Design rationale - mfichman/jogo GitHub Wiki
Reference counting
All objects in Jogo are reference counted. While this seems like a step backwards from true garbage collection, in many areas the deterministic behavior of reference counting is desirable. While the amortized performance of reference counting may be worse than some garbage collection techniques, the performance is predictable and "even." That is, there will be no long GC pauses with reference counting. This is important for interactive applications like video games.
Structural typing
Structural typing provides more flexibility than nominal typing (e.g., Java interfaces) and allows duck-typing-like behavior in a statically-typed language. Jogo's virtual dispatch is not as fast as C++ virtual dispatch, but the flexibility afforded by structural typing aligns with Jogo's goal for powerful, scripting-language-like semantics. Note: While not directly influenced by Google's Go until recently, Jogo's type system is pretty similar to Go's.
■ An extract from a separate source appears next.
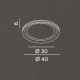 Plafoniera a led piccola con struttura in metallo rotonda dal design moderno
Originally, the idea to use structural typing in Jogo was influenced by Haskell's type classes, which are similar to structural typing. Recently, I've been looking to Go for some "design leadership" in the area of structural typing, because there aren't many languages with this type system.
Closures
Considering that closures can be simply implemented in terms of objects, it is silly for any object-oriented programming language to fail to support them. This opinion is reflected in the recent addition of closures to C++.
Coroutines
Jogo avoids threads, and uses an asynchronous I/O model beneath a coroutine layer. Coroutines allow thread-like, straight-line code to be written, while still using non-blocking I/O. Languages like JavaScript have a powerful asynchronous model, but suffer from stack-ripping. Coroutines can transform an event-driven program into straight-line imperative code without the overhead associated with threads (context-switching, wasted stack space, etc). Note: The original influence for Jogo's coroutines is Lua. However, Go has also taken the idea of coroutines to heart; in the future, design ideas might come from that language as well.
Dynamic stack
Rather than allocate a large fixed stack, Jogo allocates a dynamic stack for each coroutine. The cost is a 3-instruction preamble at the start of each function (to check the stack pointer), but the advantage is the ability to run thousands of coroutines at once. This is important for video game programming, where each "unit" or "AI entity" can run inside a separate coroutine.